» **Work task**
An exact copy of the listing below is needed, with no pictures in it.

» **Material provided**

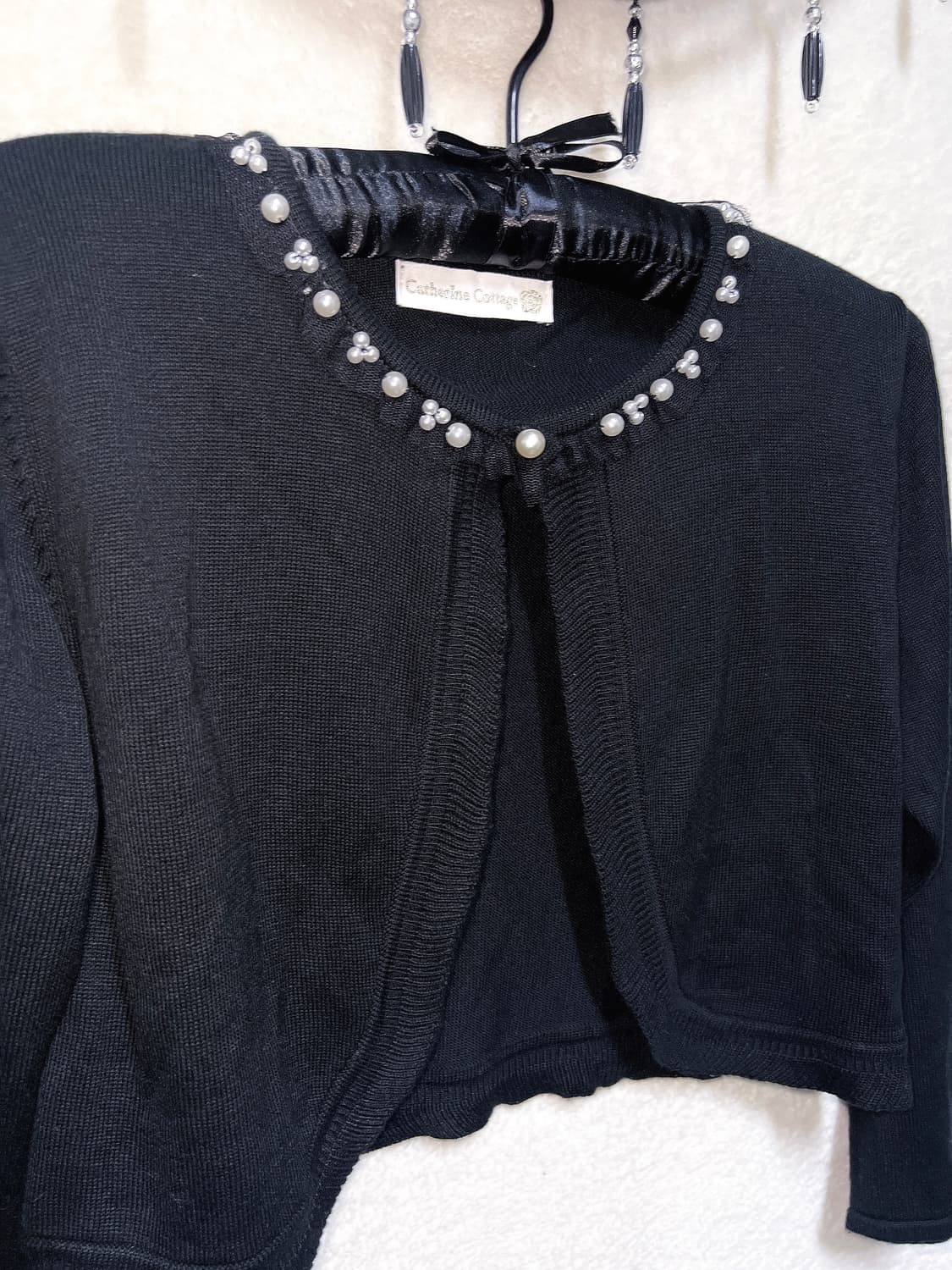 로맨틱갸루 로걀 고딕 고스로리 블랙 진주 크롭 볼레로 가디건 핀터 페어리 상품이미지10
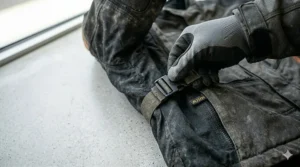 Graphic showing adjustable waist straps and forearm cinches for a secure enduro riding jacket fit.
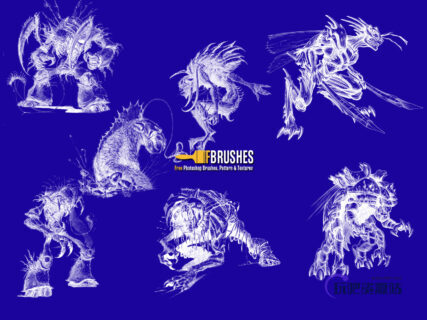 恐怖怪物图形、怪兽、魔兽Photoshop笔刷下载-玩吧资源站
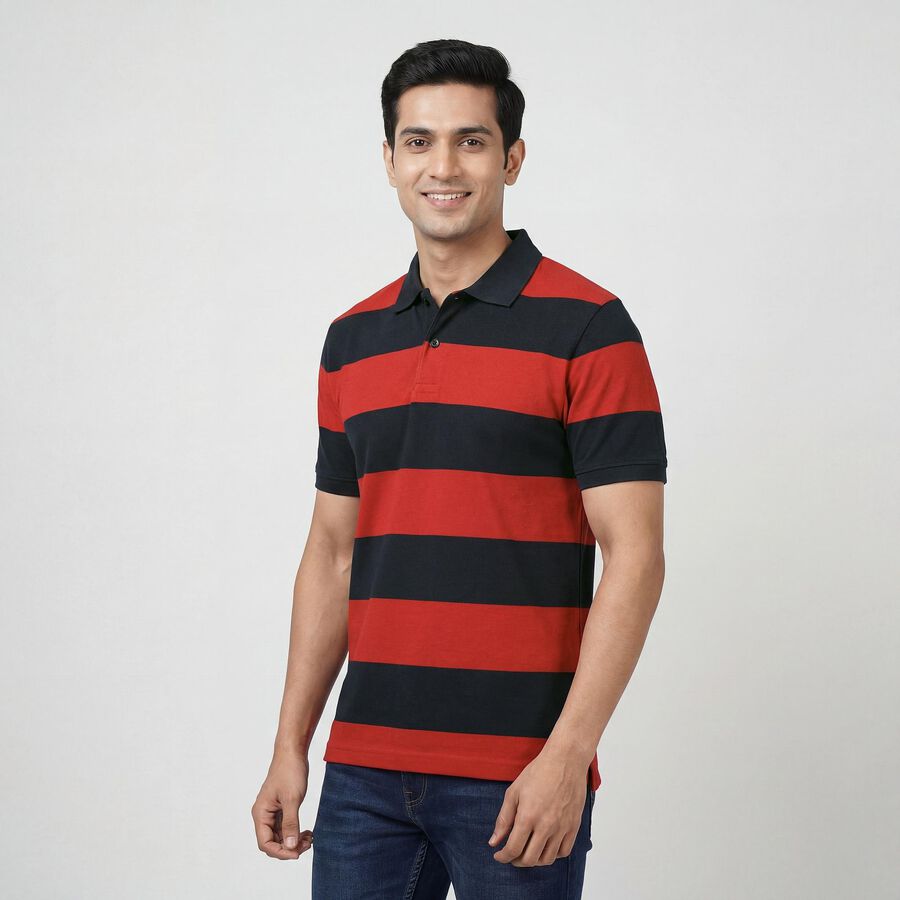 Men's Red Polo Neck Preppy T-Shirt, लाल, large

» **Expected answer**
 로맨틱갸루 로걀 고딕 고스로리 블랙 진주 크롭 볼레로 가디건 핀터 페어리 상품이미지10
 Graphic showing adjustable waist straps and forearm cinches for a secure enduro riding jacket fit.
 恐怖怪物图形、怪兽、魔兽Photoshop笔刷下载-玩吧资源站
 Men's Red Polo Neck Preppy T-Shirt, लाल, large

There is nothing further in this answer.